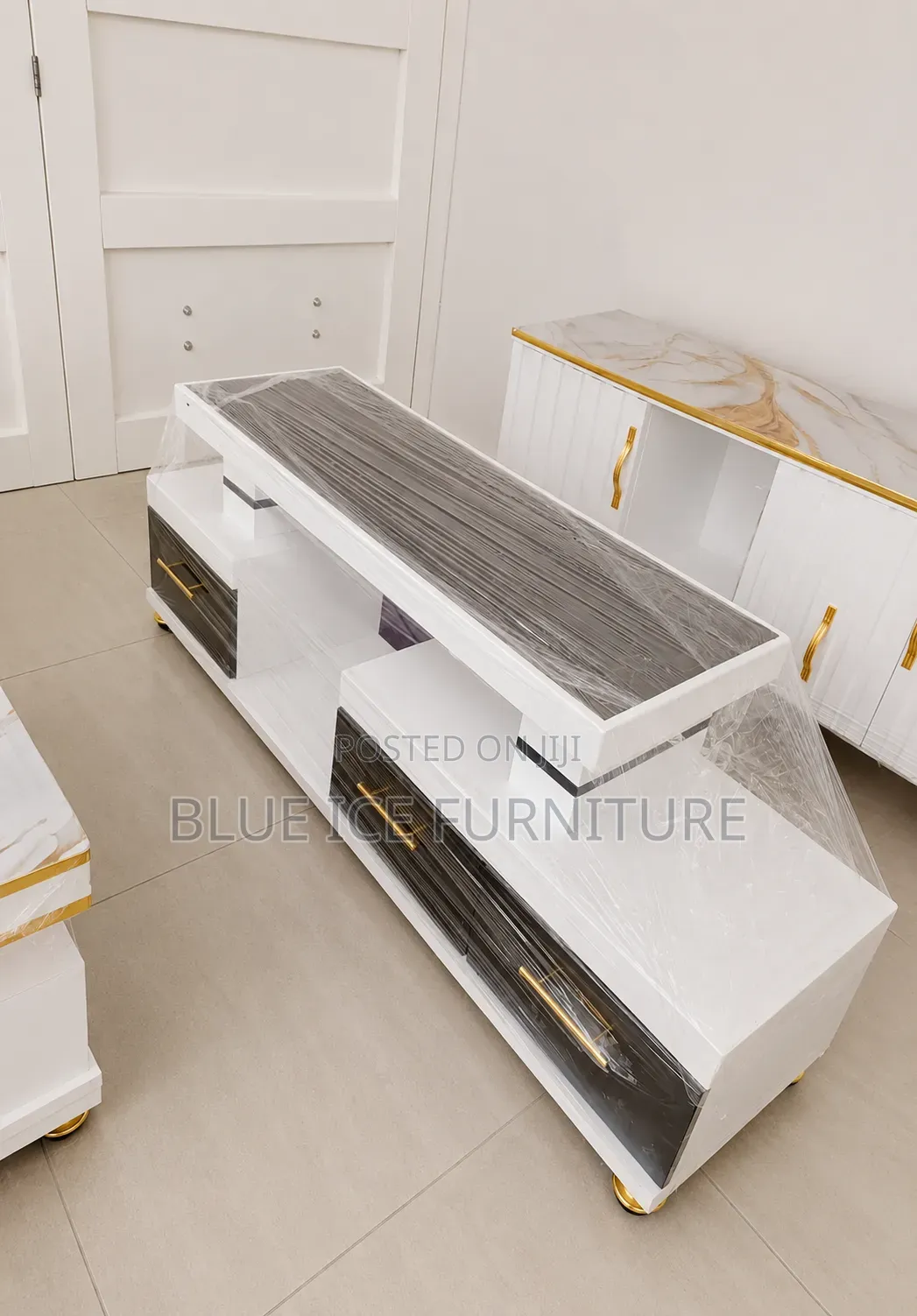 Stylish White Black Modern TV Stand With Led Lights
...
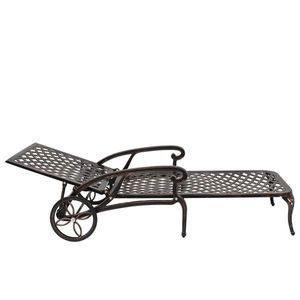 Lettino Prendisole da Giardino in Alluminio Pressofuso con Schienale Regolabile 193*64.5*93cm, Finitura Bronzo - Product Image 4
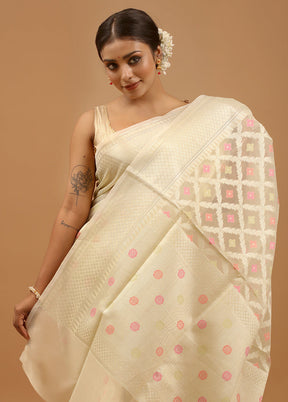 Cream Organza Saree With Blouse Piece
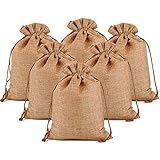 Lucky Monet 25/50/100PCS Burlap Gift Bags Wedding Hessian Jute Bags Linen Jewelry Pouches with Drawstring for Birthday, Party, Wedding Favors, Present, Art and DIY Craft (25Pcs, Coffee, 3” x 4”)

How to complete this task:
Which part of the entries opens with the line containing "Lettino Prendisole da" and closes with the line containing "Lucky Monet 25/50/100PCS"? Output that part exactly, ends included, pictures excluded.

Exercise solution:
 Lettino Prendisole da Giardino in Alluminio Pressofuso con Schienale Regolabile 193*64.5*93cm, Finitura Bronzo - Product Image 4
 Cream Organza Saree With Blouse Piece
 Lucky Monet 25/50/100PCS Burlap Gift Bags Wedding Hessian Jute Bags Linen Jewelry Pouches with Drawstring for Birthday, Party, Wedding Favors, Present, Art and DIY Craft (25Pcs, Coffee, 3” x 4”)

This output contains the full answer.